It more than elevates it; it captures why Batman has been so popular for so many decades while simultaneously making it current to the time it was made in (post-9/11 Bush Years paranoia). And is far more than the Joker. I will take its portrayal of Bruce Wayne, Harvey Dent and Jim Gordon's triumvirate any day over the Avengers cracking wise. And I loved Whedon dialogue when it is cracking wise.
Quote:
Originally Posted by DACrowe View Post
I would rather have a film that embraces the true essence of the character and its real genre (i.e. Batman is crime, Spidey is teen/young adult melodrama, X-Men is social allegory, etc.) than one that assumes because it is based on a comic book it is all about bright colors and extravagant costumes.
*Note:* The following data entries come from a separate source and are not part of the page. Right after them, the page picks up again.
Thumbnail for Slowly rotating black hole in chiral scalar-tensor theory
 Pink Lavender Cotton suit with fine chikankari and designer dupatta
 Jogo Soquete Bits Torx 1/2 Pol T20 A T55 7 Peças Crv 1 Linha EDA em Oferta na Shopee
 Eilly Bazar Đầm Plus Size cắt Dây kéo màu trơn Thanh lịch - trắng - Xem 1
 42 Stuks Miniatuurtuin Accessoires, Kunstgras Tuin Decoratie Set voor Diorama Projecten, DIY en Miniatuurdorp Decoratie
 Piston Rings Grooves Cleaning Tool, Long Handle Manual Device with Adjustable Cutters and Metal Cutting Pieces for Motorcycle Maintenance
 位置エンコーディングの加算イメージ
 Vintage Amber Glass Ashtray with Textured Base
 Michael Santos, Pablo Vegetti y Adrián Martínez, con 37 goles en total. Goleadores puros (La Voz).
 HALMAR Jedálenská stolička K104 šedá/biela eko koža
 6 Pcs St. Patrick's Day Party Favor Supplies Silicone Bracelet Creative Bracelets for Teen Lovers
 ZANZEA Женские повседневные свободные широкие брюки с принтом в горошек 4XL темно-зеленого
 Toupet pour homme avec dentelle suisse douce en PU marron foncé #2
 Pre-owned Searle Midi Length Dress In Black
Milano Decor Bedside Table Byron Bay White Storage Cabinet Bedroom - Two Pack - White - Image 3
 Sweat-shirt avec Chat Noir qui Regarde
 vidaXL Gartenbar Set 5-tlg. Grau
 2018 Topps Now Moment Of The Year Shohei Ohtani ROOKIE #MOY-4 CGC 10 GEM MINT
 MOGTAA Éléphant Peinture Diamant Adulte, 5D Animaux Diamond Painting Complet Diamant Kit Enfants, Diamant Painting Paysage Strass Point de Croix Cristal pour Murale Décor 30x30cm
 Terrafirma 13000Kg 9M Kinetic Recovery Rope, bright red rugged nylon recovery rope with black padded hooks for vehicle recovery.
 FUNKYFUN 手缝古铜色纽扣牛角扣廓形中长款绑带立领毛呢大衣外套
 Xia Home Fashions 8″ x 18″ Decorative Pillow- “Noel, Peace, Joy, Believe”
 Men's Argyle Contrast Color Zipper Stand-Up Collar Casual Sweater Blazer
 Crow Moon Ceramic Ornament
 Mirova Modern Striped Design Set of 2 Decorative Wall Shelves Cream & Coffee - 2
Don't get me wrong. Avengers worked very well for what it was. But I guarantee you that Whedon will not make that same movie again.
Quote:
Originally Posted by jmc View Post
Pretentious means something that thinks itself to be of greater importance than it actually is. It was never the film makers intention to make a movie that was trying to see itself as important, it was simply to make the best possible Batman movie they could. Just because a film asks it audience to pay attention and takes the subject matter seriously doesn't mean it thinks itself to be pretentious, how is it any different to what comic book writers do? Not every superhero comic is a continual run of splash page action scenes mixed in with some witty dialog. Some of them go pages and pages without action and are entirely dialog focused and require you to pay attention. What's the difference? One's an illustration? Because it's not as 'fun'? I don't recall every comic book story I've read to be 'fun'. If you don't like engaging storytelling and just want an easy fun ride, that's fine, but don't make out TDK is trying to be something it isn't, all it did was take a concept and do something different with it. Those who say it elevated the genre came from the people watching it, not the film makers, don't mistake the two. Not your cup of tea? Fine, but don't make out there's only one way to do superheroes, you're ignoring the very medium these characters are based on if you think that way. You say Avengers is proud to be a superhero movie - I agree, but if you think it shows off the best quality of what's in comic books you're sadly mistaken because the one thing good comic books have that Avengers doesn't is a story.
Brilliant posts are brilliant . I was going to respond saying essentially the same thing but you guys have beaten me to it.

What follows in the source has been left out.